Bernard's old friend Werner was sacked by the department after a cable he was delivering turned up in the hands of the KGB. At the start of the novels, Bernard's wife Fiona, who went to Oxford with Dicky and got her job through Bernard, is working on the top floor and is a rising star in the department. Much of what happened to Bernard was done in order to keep him in the dark about his wife's real mission and he is led to believe that she is a KGB agent who used him, betrayed all his missions in exchange for keeping him safe and then defected to the East. This has left him embittered towards the department and very cynical.
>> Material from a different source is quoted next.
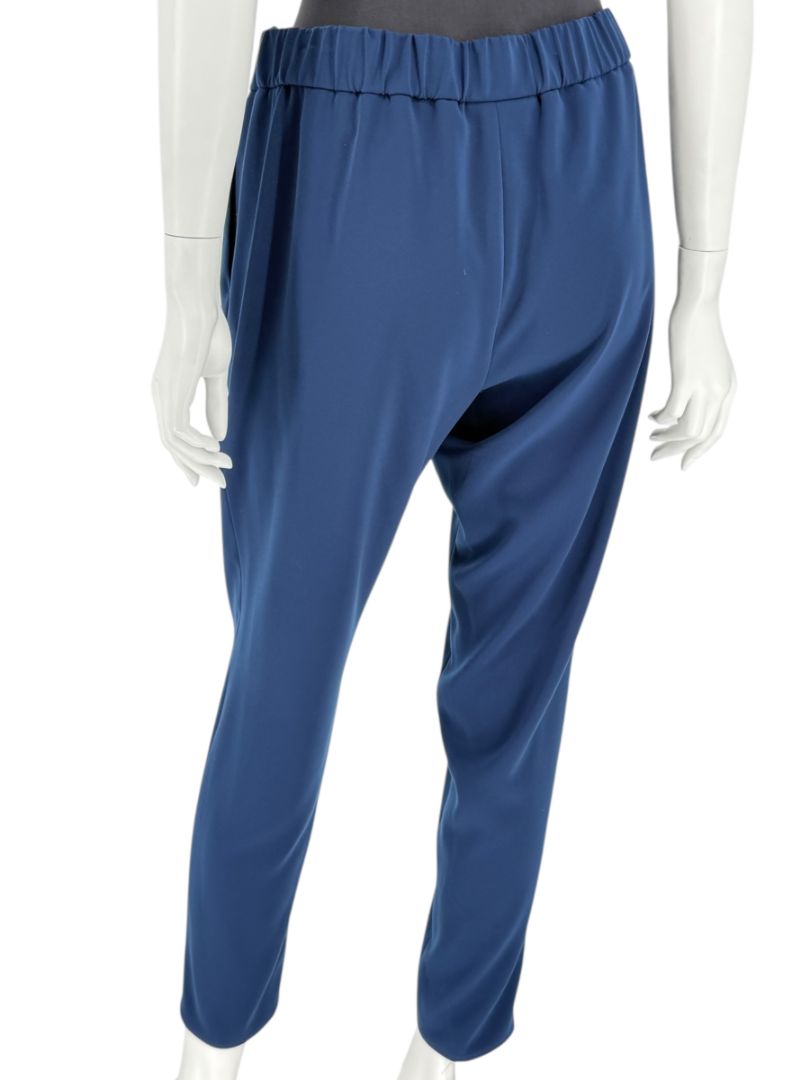 Akris Punto Navy Beaded Blazer & Pants Suit Set – Size US 10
Bernard is very stubborn and believes he knows better than his superiors who are all just desk men. He trusts no one except for his old friend Werner. His secretive and suspicious ways often keep Bernard alive but they just as often get him into trouble and cause harm to many of those around him.

==Analysis==
Len Deighton has stated that Bernard's testimony in the books is not reliable. Samson is biased, especially towards his superiors, and is prone to regarding himself too highly. The true nature of his character can be gleaned from reading between the lines, or alternatively from the sixth novel, Spy Sinker, which recounts the events of the previous books from a third-person perspective, and casts doubt upon Bernard's reliability as a narrator, especially in his assessment of his colleagues' capabilities and motives.
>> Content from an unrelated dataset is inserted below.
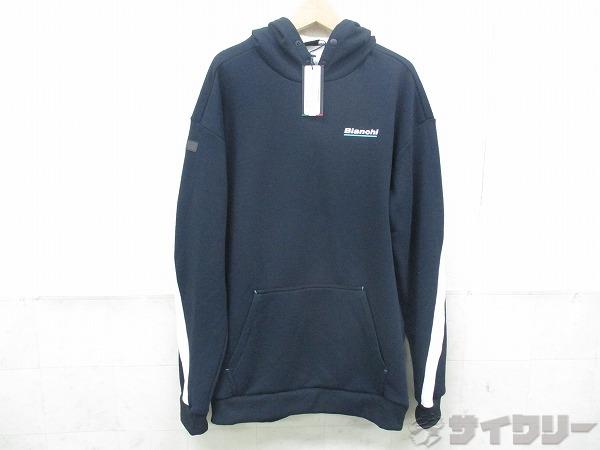 プルオーバーフーディー ブラック L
Critic Wesley Britton has seen the Bernard Samson books as an echo of the Biblical story of Samson: like Samson, Bernard has his own Delilah, when his wife turns out to be an apparent traitor.

==In other media==
Bernard Samson was played by Ian Holm and Fiona Samson by Mel Martin in a 1988 Granada Television adaptation of the first trilogy, entitled Game, Set and Match, transmitted as twelve 60 minute episodes. Filmed on location in Berlin and Mexico, the project included a large international cast with 3,000 extras and a budget of $8 million. It is considered the most ambitious espionage miniseries ever filmed. While critically acclaimed, the ratings for the series were poor.

In February 2008, director Quentin Tarantino expressed interest in developing the Game, Set and Match trilogy as a three-hour film. He is quoted as saying, "I would see if I could boil it down to the fate of the characters, and ignore all this Maquis double agent stuff.